Guests are encouraged to use biodegradable products in the shower and the kitchen. When washing greasy pots and pans we ask you to use kitchen towel to remove the worst of the grease before contaminating the water. All waste water is used in your own garden.
Most of the food waste can be either fed to the pigs or chickens – anything not suitable should be composted and bins are provided for this purpose.
Rubbish and Recycling
Any landfill rubbish goes into black bin bags for LANDFILL needless to say we try to keep this to a minimum. Plastics, metals, paper and cardboard go into yellow bin bags for recycling and all glass goes to the bottle bank – again we supply all the necessary labeled bins and bags.

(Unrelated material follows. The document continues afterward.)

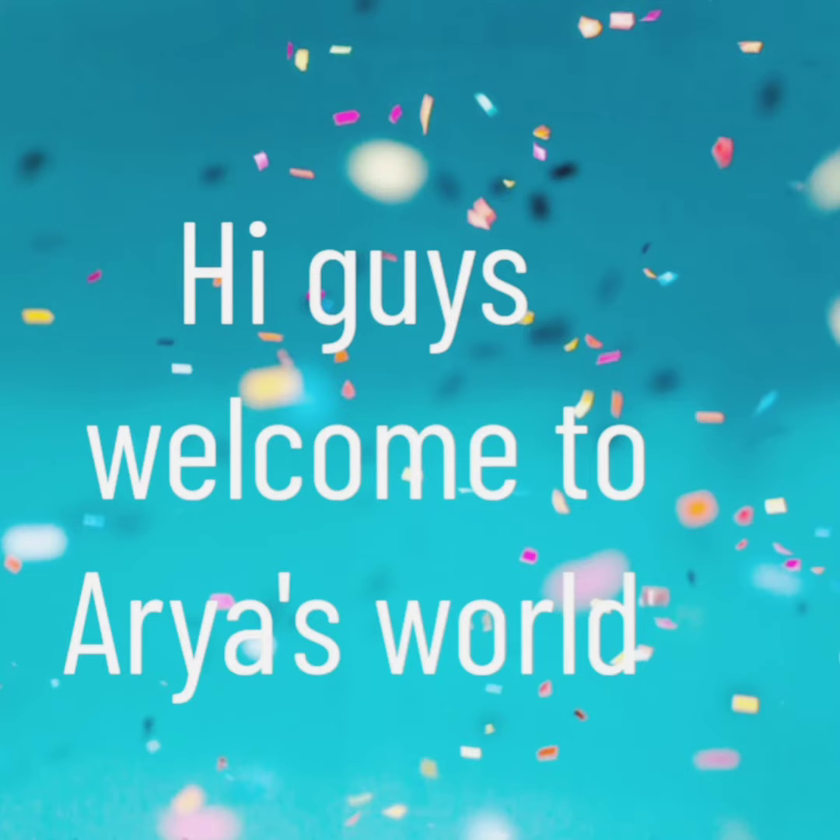Hi guys! Welcome to RBS5! In this video, I will show you a famous idea of ice cream. Let's start!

Cycling is definitely encouraged. It is beautiful here and the roads are very quiet (French drivers actually like cyclists)!! Bikes and a tandem are available for hire. If you arrive by bike (and look sweaty enough to convince us that you really have cycled from England or the nearest train station ) then we’ll give you 5% off the price of the yurt!
Wherever possible we encourage our “yurties” to shop locally. There are many local producers within easy cycling distance. Fruit, vegetables and eggs are available from Chez Devalon, and depending on availability, lamb and pork from our freezer we make a wide range of sausages pork and lamb for your BBQ’s, be careful of the tonsil scorchers! We have local dairy farmers for milk, fantastic ice-cream and occasionally beef. A goat farmer for milk, cheese and occasionally meat (they make excellent sausages). Our local mayor is a trout farmer and you can go and choose a fish right out of one of his many vast tanks, and an excellent duck and goose farmer is very nearby.
The local small town of Verteillac has a boulangerie, butchers and large convenience store (known as the Harrods of the Dordogne) along with a newsagent, post office, bank, bars, and restaurants and the local GP. There is also local wine (red, white and an excellent sparkling white wine) and the popular Charentaise drink, Pineau (a blend of grape juice and cognac) available from a producer just outside the nearby village of Champagne.
Candles are supplied (but more can be bought at the Harrods of the Dordogne if you need them) but they must be kept contained within a lantern (also supplied). The kitchen is lit by solar powered lights and there are also decorative (but subtle) fairly lights. Solar fairy lights and wind-up solar powered torches are also provided for you in the yurts.
We don’t want to beat people over the head with the eco stick but just give them a gentle nudge!!!